> **Dataset extract**:

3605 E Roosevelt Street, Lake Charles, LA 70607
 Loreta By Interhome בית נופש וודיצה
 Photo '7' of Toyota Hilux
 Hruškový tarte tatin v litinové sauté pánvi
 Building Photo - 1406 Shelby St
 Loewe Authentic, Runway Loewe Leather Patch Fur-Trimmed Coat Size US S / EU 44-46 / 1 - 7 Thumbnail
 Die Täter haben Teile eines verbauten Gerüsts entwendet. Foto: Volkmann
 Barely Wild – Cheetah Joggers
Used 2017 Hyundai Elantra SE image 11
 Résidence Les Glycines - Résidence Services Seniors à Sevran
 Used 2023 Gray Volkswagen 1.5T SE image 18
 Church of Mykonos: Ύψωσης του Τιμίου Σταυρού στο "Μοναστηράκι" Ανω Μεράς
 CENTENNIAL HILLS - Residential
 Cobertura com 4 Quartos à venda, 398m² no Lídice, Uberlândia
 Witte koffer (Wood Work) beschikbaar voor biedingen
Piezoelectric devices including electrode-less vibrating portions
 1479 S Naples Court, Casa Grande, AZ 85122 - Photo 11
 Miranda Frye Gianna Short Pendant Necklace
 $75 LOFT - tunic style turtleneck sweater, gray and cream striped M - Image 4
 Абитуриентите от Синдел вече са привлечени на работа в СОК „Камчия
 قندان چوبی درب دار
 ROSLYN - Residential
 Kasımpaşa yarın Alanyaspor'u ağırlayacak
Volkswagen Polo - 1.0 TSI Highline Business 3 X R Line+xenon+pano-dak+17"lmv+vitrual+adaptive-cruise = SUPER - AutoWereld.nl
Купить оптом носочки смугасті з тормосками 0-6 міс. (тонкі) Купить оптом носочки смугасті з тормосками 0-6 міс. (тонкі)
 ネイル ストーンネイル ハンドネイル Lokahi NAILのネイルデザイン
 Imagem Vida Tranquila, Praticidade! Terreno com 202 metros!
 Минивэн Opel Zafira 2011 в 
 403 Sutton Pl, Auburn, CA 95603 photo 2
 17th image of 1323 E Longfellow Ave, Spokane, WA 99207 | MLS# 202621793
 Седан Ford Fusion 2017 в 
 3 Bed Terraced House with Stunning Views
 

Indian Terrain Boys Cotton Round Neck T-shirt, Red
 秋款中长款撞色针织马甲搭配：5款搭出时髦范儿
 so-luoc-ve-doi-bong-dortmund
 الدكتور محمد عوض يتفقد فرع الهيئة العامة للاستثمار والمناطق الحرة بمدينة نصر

> **Task requirements**: Copy out the records above without altering anything.

> **Written response**:
3605 E Roosevelt Street, Lake Charles, LA 70607
 Loreta By Interhome בית נופש וודיצה
 Photo '7' of Toyota Hilux
 Hruškový tarte tatin v litinové sauté pánvi
 Building Photo - 1406 Shelby St
 Loewe Authentic, Runway Loewe Leather Patch Fur-Trimmed Coat Size US S / EU 44-46 / 1 - 7 Thumbnail
 Die Täter haben Teile eines verbauten Gerüsts entwendet. Foto: Volkmann
 Barely Wild – Cheetah Joggers
Used 2017 Hyundai Elantra SE image 11
 Résidence Les Glycines - Résidence Services Seniors à Sevran
 Used 2023 Gray Volkswagen 1.5T SE image 18
 Church of Mykonos: Ύψωσης του Τιμίου Σταυρού στο "Μοναστηράκι" Ανω Μεράς
 CENTENNIAL HILLS - Residential
 Cobertura com 4 Quartos à venda, 398m² no Lídice, Uberlândia
 Witte koffer (Wood Work) beschikbaar voor biedingen
Piezoelectric devices including electrode-less vibrating portions
 1479 S Naples Court, Casa Grande, AZ 85122 - Photo 11
 Miranda Frye Gianna Short Pendant Necklace
 $75 LOFT - tunic style turtleneck sweater, gray and cream striped M - Image 4
 Абитуриентите от Синдел вече са привлечени на работа в СОК „Камчия
 قندان چوبی درب دار
 ROSLYN - Residential
 Kasımpaşa yarın Alanyaspor'u ağırlayacak
Volkswagen Polo - 1.0 TSI Highline Business 3 X R Line+xenon+pano-dak+17"lmv+vitrual+adaptive-cruise = SUPER - AutoWereld.nl
Купить оптом носочки смугасті з тормосками 0-6 міс. (тонкі) Купить оптом носочки смугасті з тормосками 0-6 міс. (тонкі)
 ネイル ストーンネイル ハンドネイル Lokahi NAILのネイルデザイン
 Imagem Vida Tranquila, Praticidade! Terreno com 202 metros!
 Минивэн Opel Zafira 2011 в 
 403 Sutton Pl, Auburn, CA 95603 photo 2
 17th image of 1323 E Longfellow Ave, Spokane, WA 99207 | MLS# 202621793
 Седан Ford Fusion 2017 в 
 3 Bed Terraced House with Stunning Views
 

Indian Terrain Boys Cotton Round Neck T-shirt, Red
 秋款中长款撞色针织马甲搭配：5款搭出时髦范儿
 so-luoc-ve-doi-bong-dortmund
 الدكتور محمد عوض يتفقد فرع الهيئة العامة للاستثمار والمناطق الحرة بمدينة نصر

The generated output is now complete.